ROMA – “Stasera in tivù lo sfollatore di consensi”, questo il titolo dell’articolo a firma di Andrea Scanzi sulle pagine del Fatto Quotidiano in edicola oggi, venerdì 7 febbraio.
È una nuova categoria mediatica: lo sfollatore di consenso. Il desertificatore di voti. Fa parte di una forza politica. È convinto di aiutare la causa, e in effetti la aiuta. Solo che è la causa degli altri: degli avversari. Una delle più instancabili sfollatrici di consensi nella storia della politica italiana è Paola De Micheli.
Bersaniana e lettiana di ferro, denota una propensione al masochismo al cui confronto Sacher-Masoch era De Sade. Prima delle elezioni nazionali del 2013, quelle che il Pd non poteva perdere (e invece c’è riuscito: fenomeni), la De Micheli soleva occupare ogni spazio televisivo immaginabile. La voce da Wanna Marchi e la sicumera di chi è misteriosamente convinto di apparire arguta, dopo il rovescio elettorale elaborò rapidamente il lutto. Poi scomparve, giusto un po’, dalle agorà televisive. Si è tornati a parlare di lei quando, durante la presentazione dell’agiografia di Bersani, ha accusato Renzi di avere impallinato Prodi (rimane la sua dichiarazione più sensata). Lunedì scorso era a Piazzapulita . Si presume che, guardando la puntata, Matteo Renzi abbia distrutto dalla rabbia tutti i 45 giri di Righeira (autografati). Ogni volta che la De Micheli parlava, un punto percentuale del Pd moriva. Ascoltandola e guardandola, saliva negli spettatori la voglia irresistibile di votare tutti. Ma proprio tutti. Tranne il Pd. A un certo punto Antonino Monteleone le ha ricordato che durante il voto sullo scudo fiscale era assente. E quella assenza, unita a molte altre dei parlamentari piddini, risultò decisiva. “Dov’era, De Micheli?”. E lei, arrogante e comicamente sprezzante: “Boh”. Una frase che, da sola, dà la misura di cosa sia stata la cosiddetta “opposizione” negli ultimi vent’anni in Italia (…)

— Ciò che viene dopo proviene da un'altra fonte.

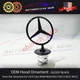 OEM Front Hood Ornament Mounted Star GLOSSY Black Standing Logo Mercedes Benz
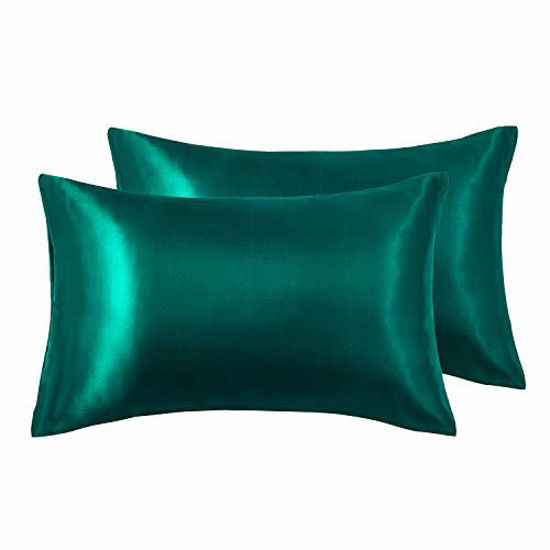 Picture of Love's cabin Silk Satin Pillowcase for Hair and Skin (Dark Green, 20x26 inches) Slip Pillow Cases Standard Size Set of 2 - Satin Cooling Pillow Covers with Envelope Closure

Il desertificatore di voti, talora, è usato dalle tivù proprio in quanto tale: lo si chiama, e richiama, perché la sua presenza risulta così caricaturale da indurre a non votare mai e poi mai la forza che il Fantozzi inconsapevole glorifica. Il movimento più odiato dalla tivù è il Movimento 5 Stelle, ed è per questo che diviene preziosa la megalomania catodica di Paolo Becchi. Viene presentato addirittura come “ideologo”, e se fosse vero il M5S potrebbe – anzi dovrebbe – ritirarsi subito dalla competizione politica: così, per umana decenza. La barba pensosa e la presenza scenica di un Beruschi convinto chissà perché d’esser filosofo, Becchi era lunedì a Piazzapulita e martedì a Ballarò. Con precisione chirurgica, bastavano due o tre sue frasi per vanificare l’operato di un anno dei Di Maio e Villarosa. Lanciati a bomba contro se stessi, gli sfollatori di consensi sono manna dal cielo per i nemici. Null’altro che Cassandra elettorali. Quel che toccano, distruggono. Quel che celebrano, frana. Quel che incensano, sfiorisce. Una prece.